Work to complete
Output only the lines that run from the line holding "Jett Elan Ski Pair" to the end of the data below, including both ends, without any pictures.

[[ Data provided open ]]

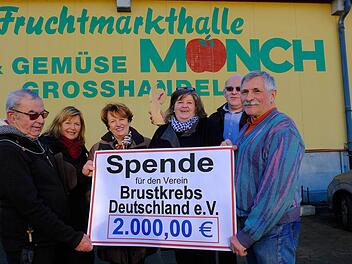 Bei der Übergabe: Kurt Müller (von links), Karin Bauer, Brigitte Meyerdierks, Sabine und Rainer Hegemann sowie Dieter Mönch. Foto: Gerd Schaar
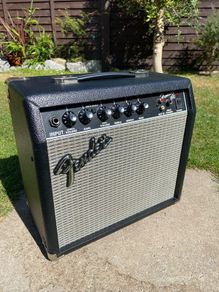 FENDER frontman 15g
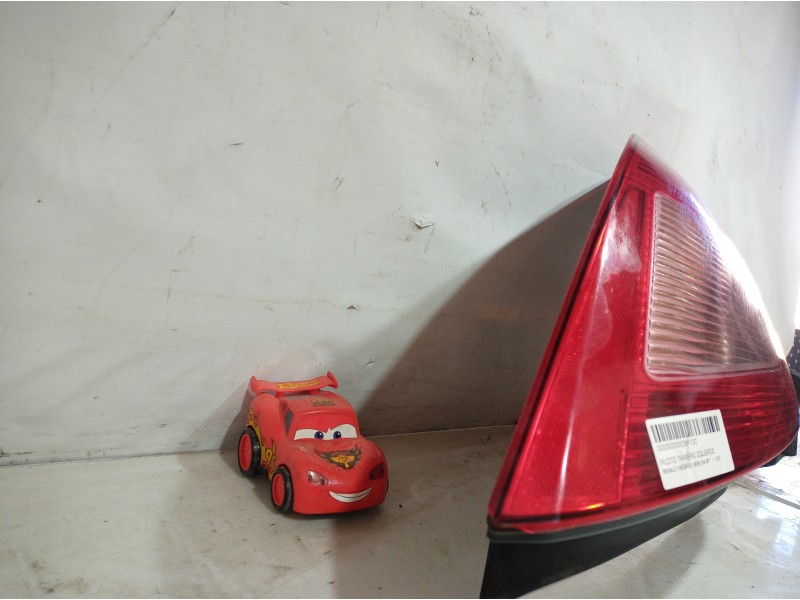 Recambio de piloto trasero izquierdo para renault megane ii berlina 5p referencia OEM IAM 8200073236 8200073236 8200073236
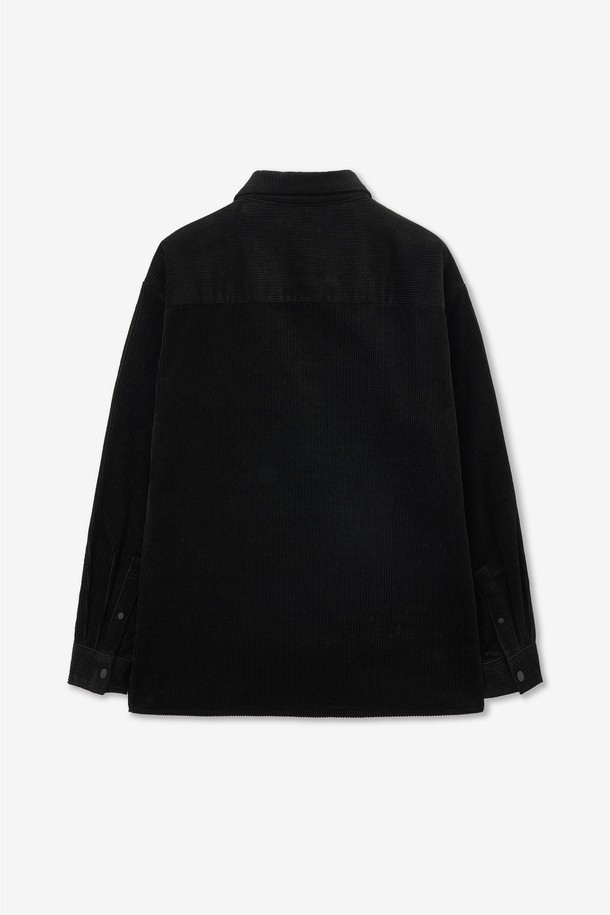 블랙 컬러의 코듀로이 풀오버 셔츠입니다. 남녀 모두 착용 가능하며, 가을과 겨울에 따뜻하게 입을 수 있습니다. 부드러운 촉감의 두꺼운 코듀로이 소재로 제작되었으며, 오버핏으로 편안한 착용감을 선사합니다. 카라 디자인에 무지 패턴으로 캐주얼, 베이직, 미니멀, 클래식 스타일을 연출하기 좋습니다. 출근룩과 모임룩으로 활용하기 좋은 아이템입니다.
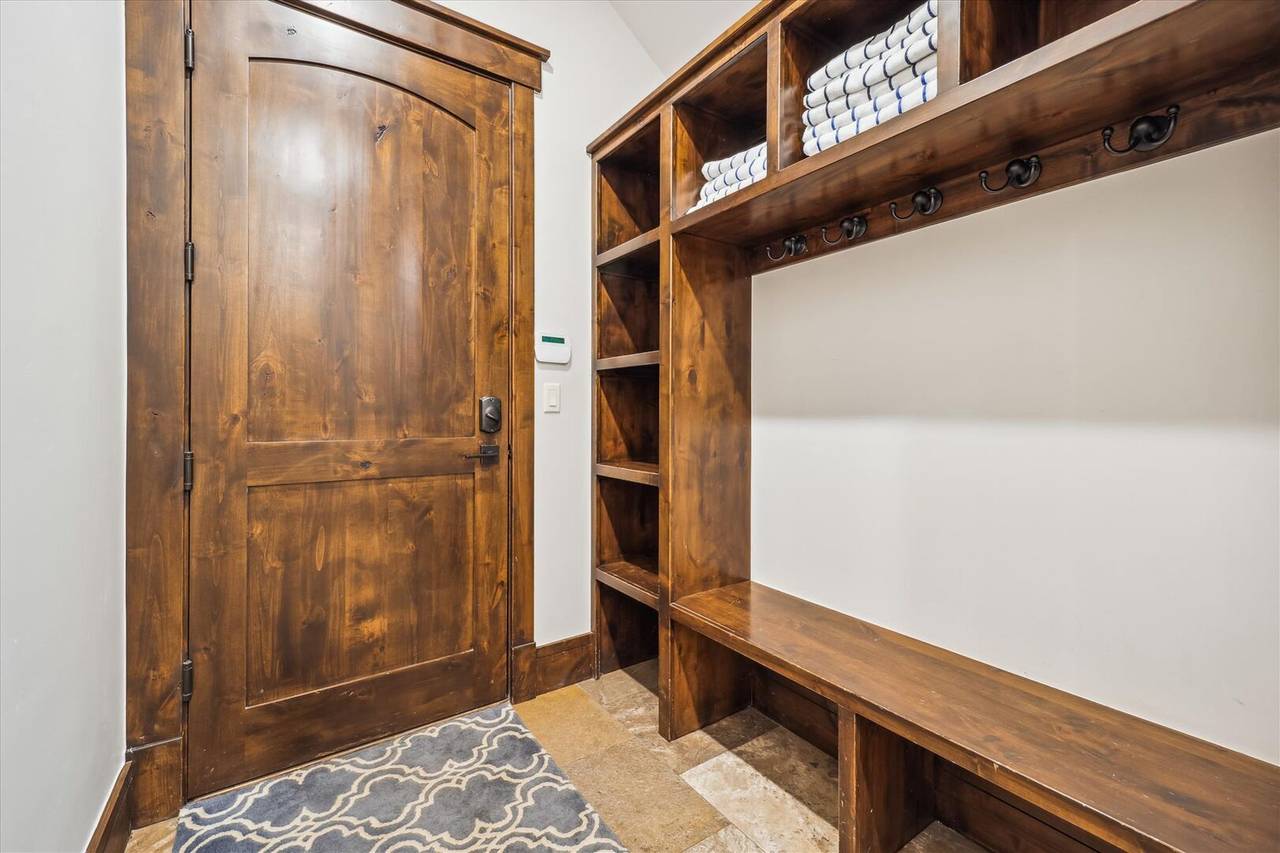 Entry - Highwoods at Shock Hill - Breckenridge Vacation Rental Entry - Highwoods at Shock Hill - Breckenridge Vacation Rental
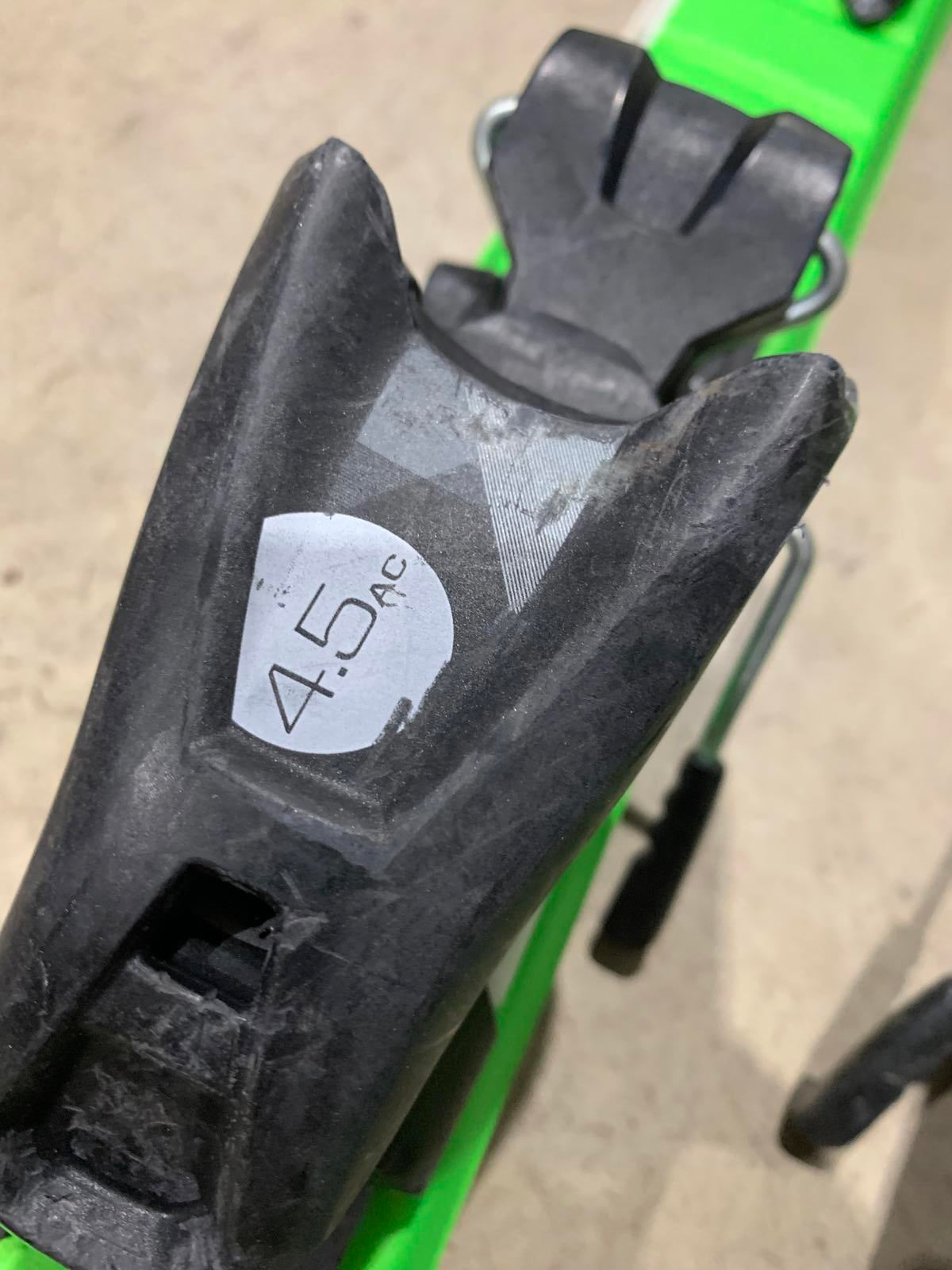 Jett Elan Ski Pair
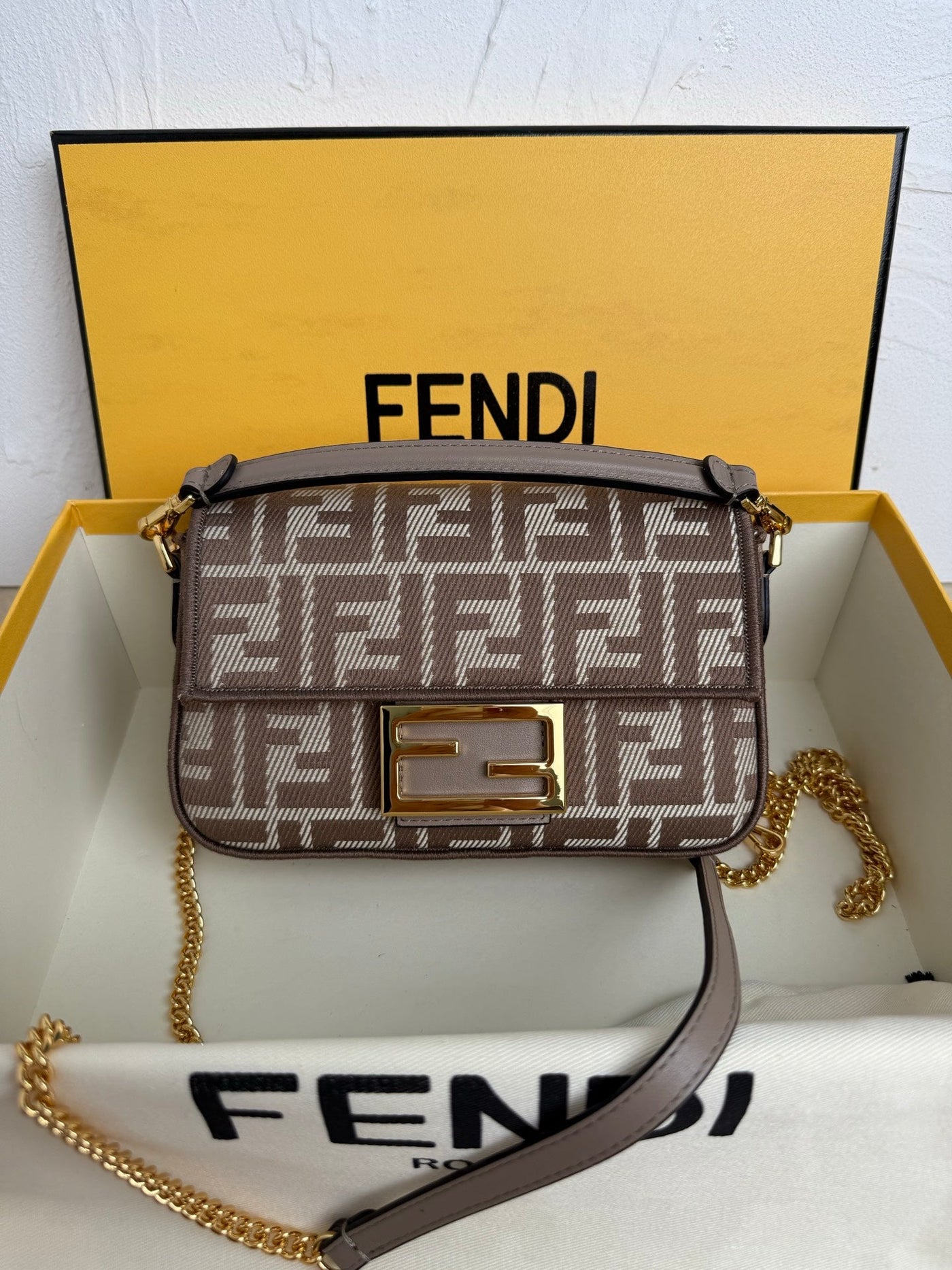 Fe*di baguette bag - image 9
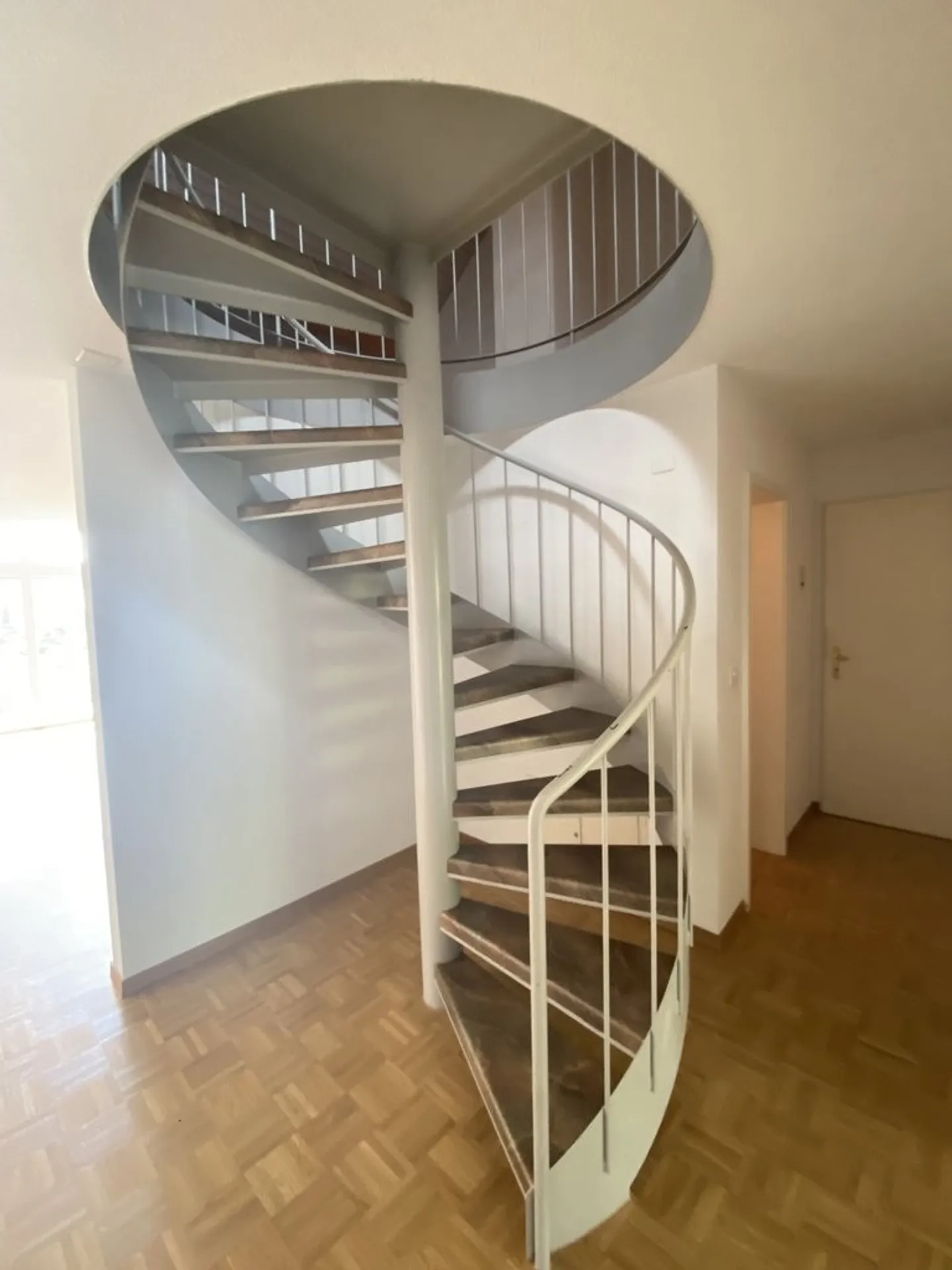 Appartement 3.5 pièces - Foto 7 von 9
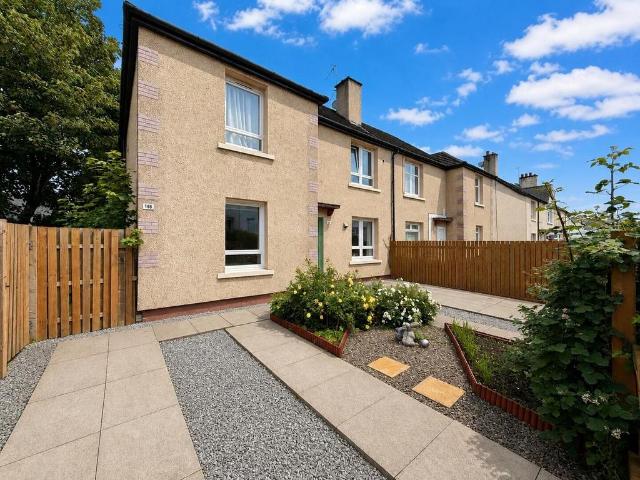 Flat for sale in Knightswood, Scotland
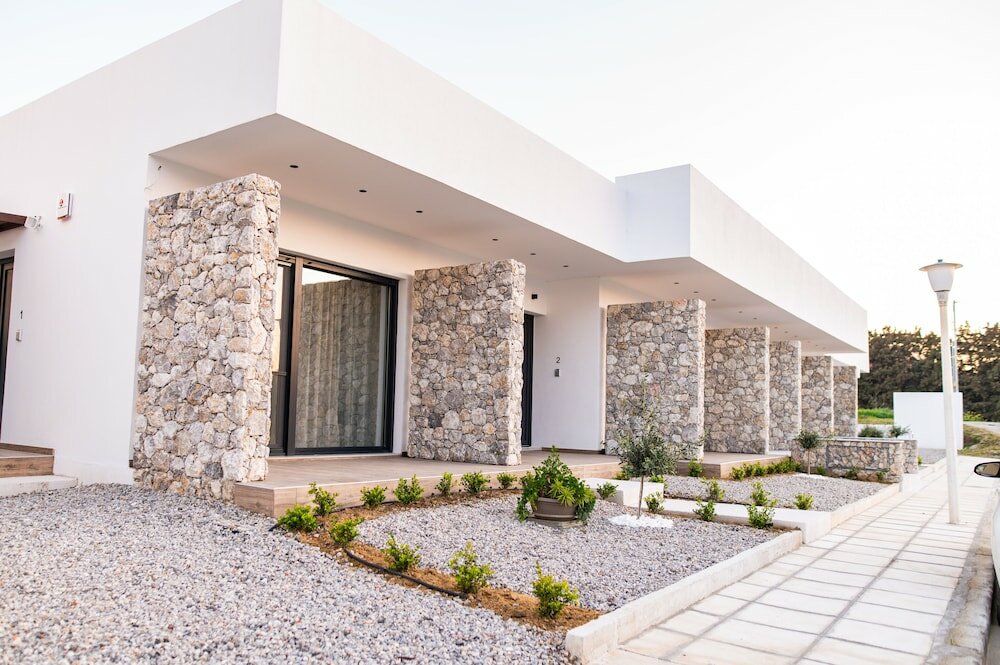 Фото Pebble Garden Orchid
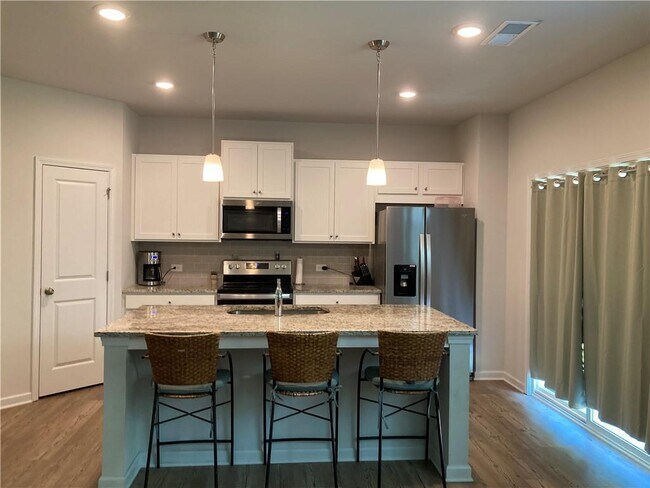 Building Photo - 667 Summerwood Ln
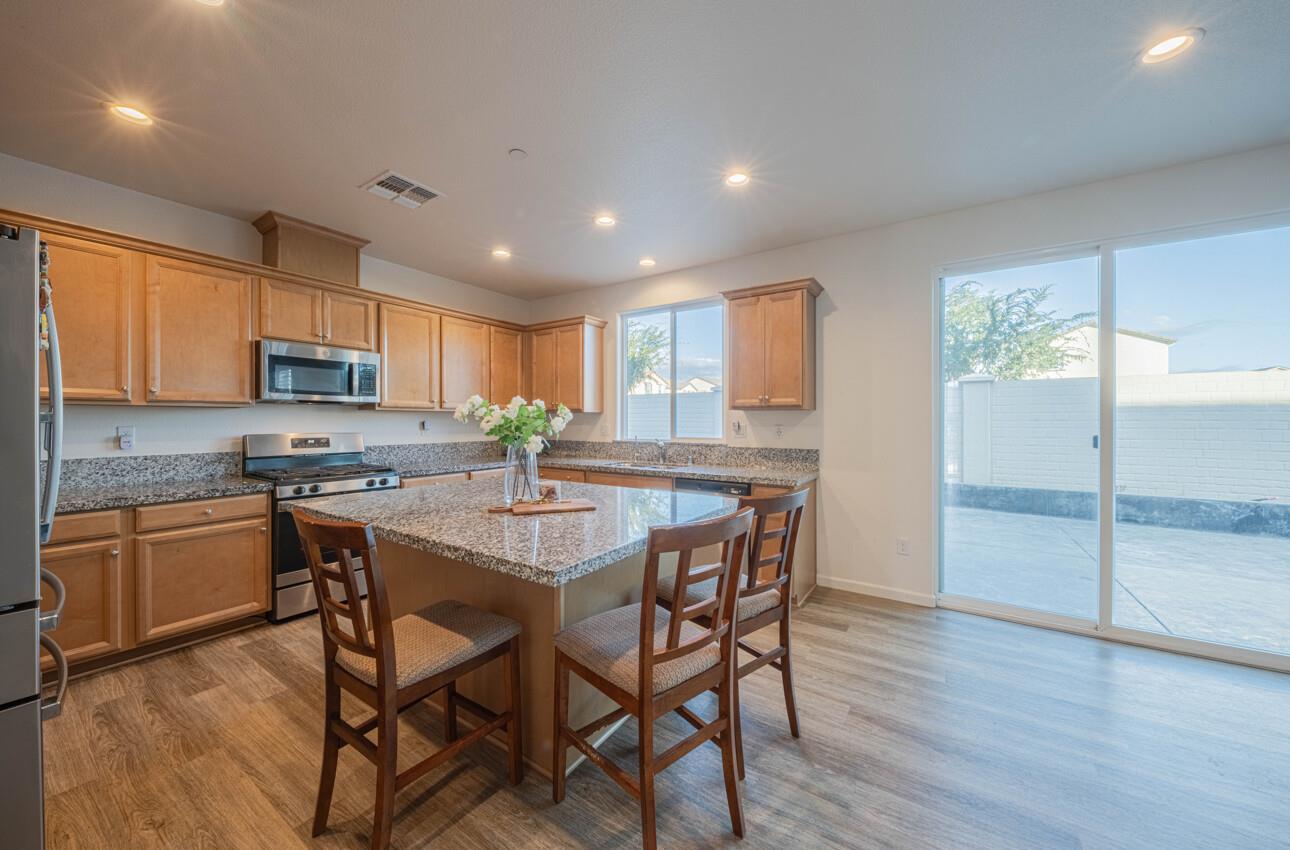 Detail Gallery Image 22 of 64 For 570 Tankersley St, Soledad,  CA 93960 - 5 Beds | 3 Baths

[[ Data provided closed ]]

Output of the task
 Jett Elan Ski Pair
 Fe*di baguette bag - image 9
 Appartement 3.5 pièces - Foto 7 von 9
 Flat for sale in Knightswood, Scotland
 Фото Pebble Garden Orchid
 Building Photo - 667 Summerwood Ln
 Detail Gallery Image 22 of 64 For 570 Tankersley St, Soledad,  CA 93960 - 5 Beds | 3 Baths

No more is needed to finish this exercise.